# Elasticsearch

In this exercise, you'll first build an Elasticsearch index of a toy document collection, then request various term statistics from that index.

Remember to make sure that the Elasticsearch service is running (i.e., has been started in a terminal window).

See [this document](Elasticsearch.md) for help on Elasticsearch usage.

In [43]:
%pip install ipytest
%pip install elasticsearch==7.15

Note: you may need to restart the kernel to use updated packages.
Note: you may need to restart the kernel to use updated packages.


In [44]:
from elasticsearch import Elasticsearch
from typing import Dict, List, Optional

import ipytest
import pytest

ipytest.autoconfig()

This is to check that the Elasticsearch service is running on your machine.

In [45]:
es = Elasticsearch()

## Indexing

We use a toy data collection with 5 documents, each with title and content fields.

In [46]:
DOCS = [
    {"doc_id": "D1",
     "title": "First document",
     "content": "House on the hill"
    },
    {"doc_id": "D2",
     "title": "Second title",
     "content": "Downtown Stavanger is beautiful"
    },
    {"doc_id": "D3",
     "title": "First, second, and third",
     "content": "Never step on snakes"
    },
    {"doc_id": "D4",
     "title": "Document number four",
     "content": "House, house. It's a beautiful house you have"
    },
    {"doc_id": "D5",
     "title": "This document is the last document",
     "content": "There can be only one matching result"
    }
]

In [47]:
INDEX_SETTINGS = {  # single shard with a single replica
    "settings" : {
        "index" : {
            "number_of_shards" : 1,
            "number_of_replicas" : 1
        }
    }
}

In [48]:
INDEX_NAME = "test_e6-3"

In [49]:
if es.indices.exists(index=INDEX_NAME):
    es.indices.delete(index=INDEX_NAME)
es.indices.create(index=INDEX_NAME, settings=INDEX_SETTINGS["settings"])
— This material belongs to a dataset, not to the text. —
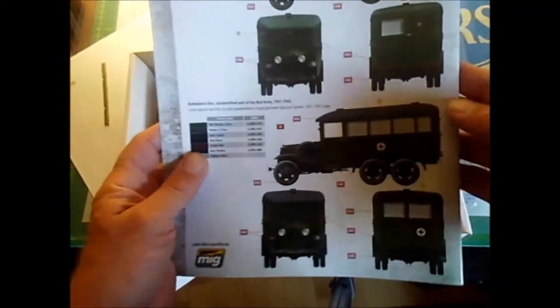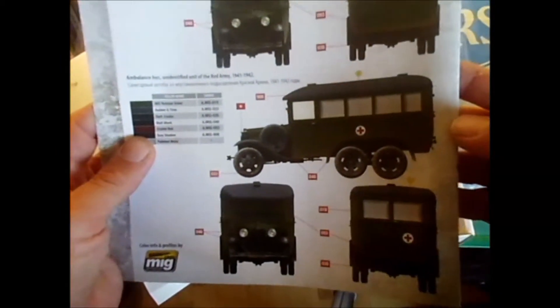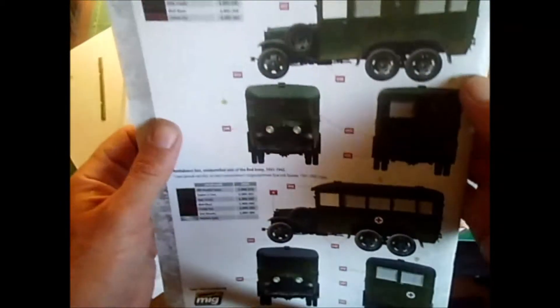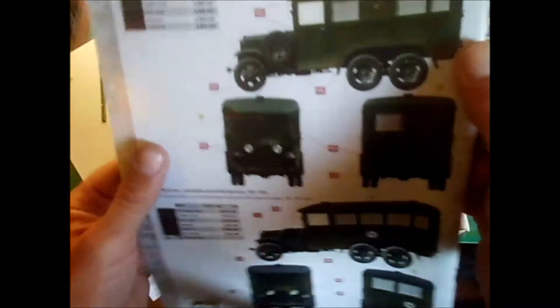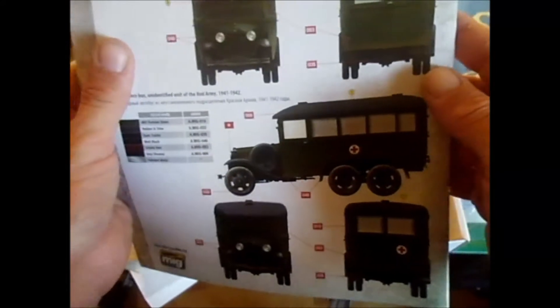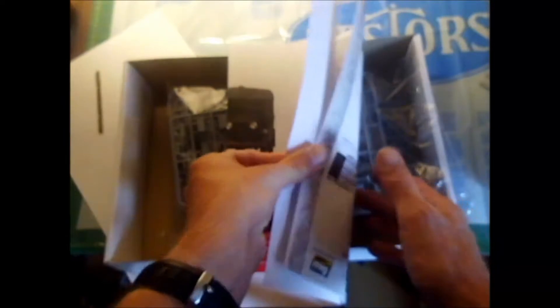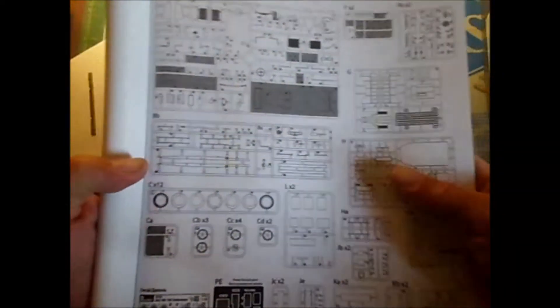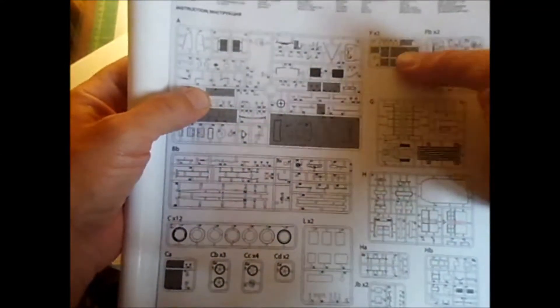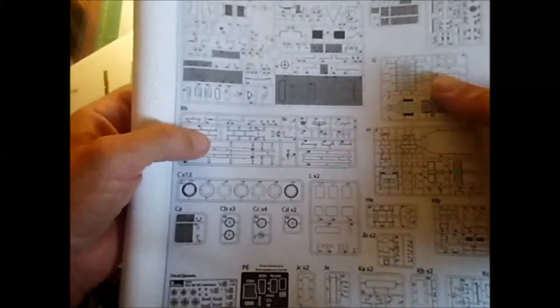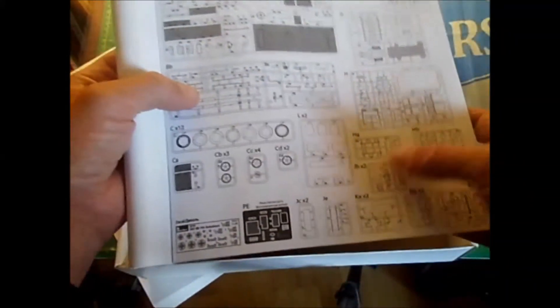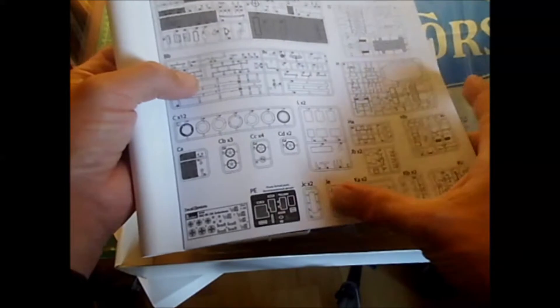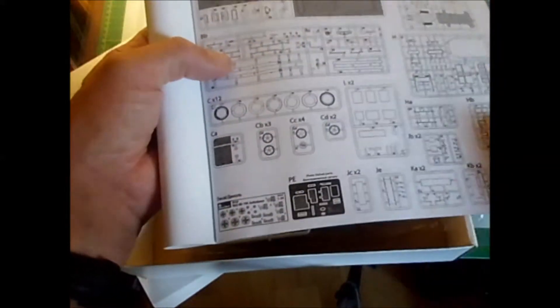There we have the book with color illustrations of both versions in dark green. Counting the parts: 1, 2, 3, 4, 5, 6, 7, 8, 9, 10, 11, 12, 13, 14, 15, 16, 17 trees, photo etch, and decals.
{'acknowledged': True, 'shards_acknowledged': True, 'index': 'test_e6-3'}

Add documents in `DOC` to the index.

In [50]:
for doc in DOCS:
    es.index(index=INDEX_NAME, doc_type="_doc", id=doc["doc_id"],
             document={"title": doc["title"], "content": doc["content"]})

## Term statistics

Complete the methods below for getting various term statistics from the index.
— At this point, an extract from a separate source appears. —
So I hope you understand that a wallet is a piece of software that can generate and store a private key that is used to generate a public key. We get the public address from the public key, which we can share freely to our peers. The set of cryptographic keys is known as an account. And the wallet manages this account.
Consult [this notebook](2-Elasticsearch.ipynb) for the interpretation of term vector statistics.

In [51]:
def get_doc_term_freqs(index_name: str, doc_id: str, field: str) -> Dict[str, int]:
    """Returns the terms along with their frequencies contained in a given document.

    Args:
        index_name: Name of index.
        doc_id: Document ID.
        field: Field name.

    Returns:
        Dict with terms as keys and corresponding frequencies (i.e.,
        number of occurrences within the given document field) as values.
    """
    tv = es.termvectors(index=index_name, doc_type="_doc", id=doc_id, fields=field, term_statistics=True)
    if tv["_id"] != doc_id:
        return None
    if field not in tv["term_vectors"]:
        return None
    term_freqs = {}
    for term, term_stat in tv["term_vectors"][field]["terms"].items():
        term_freqs[term] = term_stat["term_freq"]
    return term_freqs

In [52]:
def get_doc_field_len(index_name: str, doc_id: str, field: str) -> int:
    """Returns the length of a given document field.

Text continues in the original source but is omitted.